GOAL OF THE EXERCISE: Look through the records below for the line with "فيلا Bastide De". Return that line and each one after it up to and including the line with "Human made graphic #10 t-shirt white", exactly.

RECORDS TO USE:
=== Section Start ===

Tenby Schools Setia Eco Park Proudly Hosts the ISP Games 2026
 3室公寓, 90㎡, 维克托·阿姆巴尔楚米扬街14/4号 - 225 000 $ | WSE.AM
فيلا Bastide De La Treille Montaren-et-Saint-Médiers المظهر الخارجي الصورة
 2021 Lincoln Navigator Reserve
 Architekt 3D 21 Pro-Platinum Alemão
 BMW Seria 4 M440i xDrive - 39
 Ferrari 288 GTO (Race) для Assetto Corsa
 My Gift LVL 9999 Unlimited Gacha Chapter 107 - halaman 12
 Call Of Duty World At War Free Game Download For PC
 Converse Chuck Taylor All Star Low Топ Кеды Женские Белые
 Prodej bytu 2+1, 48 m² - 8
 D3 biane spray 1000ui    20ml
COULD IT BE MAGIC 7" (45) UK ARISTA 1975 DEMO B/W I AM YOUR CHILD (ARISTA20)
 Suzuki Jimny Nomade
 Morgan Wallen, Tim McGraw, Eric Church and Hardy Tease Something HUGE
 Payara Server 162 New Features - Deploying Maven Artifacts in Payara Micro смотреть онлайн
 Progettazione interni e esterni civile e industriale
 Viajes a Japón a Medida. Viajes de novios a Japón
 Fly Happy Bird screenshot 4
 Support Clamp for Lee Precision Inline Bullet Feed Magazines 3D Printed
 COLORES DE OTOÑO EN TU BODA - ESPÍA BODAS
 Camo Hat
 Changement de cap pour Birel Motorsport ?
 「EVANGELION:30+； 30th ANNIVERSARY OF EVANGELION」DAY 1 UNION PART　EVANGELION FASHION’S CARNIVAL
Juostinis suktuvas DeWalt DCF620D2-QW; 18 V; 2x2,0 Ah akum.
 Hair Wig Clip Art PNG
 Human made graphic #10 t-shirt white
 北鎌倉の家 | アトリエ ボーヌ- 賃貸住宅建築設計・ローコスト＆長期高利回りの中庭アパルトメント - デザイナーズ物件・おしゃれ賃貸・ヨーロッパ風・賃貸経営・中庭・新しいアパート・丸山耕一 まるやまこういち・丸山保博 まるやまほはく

=== Section End ===

OUTPUT OF THE TASK:
فيلا Bastide De La Treille Montaren-et-Saint-Médiers المظهر الخارجي الصورة
 2021 Lincoln Navigator Reserve
 Architekt 3D 21 Pro-Platinum Alemão
 BMW Seria 4 M440i xDrive - 39
 Ferrari 288 GTO (Race) для Assetto Corsa
 My Gift LVL 9999 Unlimited Gacha Chapter 107 - halaman 12
 Call Of Duty World At War Free Game Download For PC
 Converse Chuck Taylor All Star Low Топ Кеды Женские Белые
 Prodej bytu 2+1, 48 m² - 8
 D3 biane spray 1000ui    20ml
COULD IT BE MAGIC 7" (45) UK ARISTA 1975 DEMO B/W I AM YOUR CHILD (ARISTA20)
 Suzuki Jimny Nomade
 Morgan Wallen, Tim McGraw, Eric Church and Hardy Tease Something HUGE
 Payara Server 162 New Features - Deploying Maven Artifacts in Payara Micro смотреть онлайн
 Progettazione interni e esterni civile e industriale
 Viajes a Japón a Medida. Viajes de novios a Japón
 Fly Happy Bird screenshot 4
 Support Clamp for Lee Precision Inline Bullet Feed Magazines 3D Printed
 COLORES DE OTOÑO EN TU BODA - ESPÍA BODAS
 Camo Hat
 Changement de cap pour Birel Motorsport ?
 「EVANGELION:30+； 30th ANNIVERSARY OF EVANGELION」DAY 1 UNION PART　EVANGELION FASHION’S CARNIVAL
Juostinis suktuvas DeWalt DCF620D2-QW; 18 V; 2x2,0 Ah akum.
 Hair Wig Clip Art PNG
 Human made graphic #10 t-shirt white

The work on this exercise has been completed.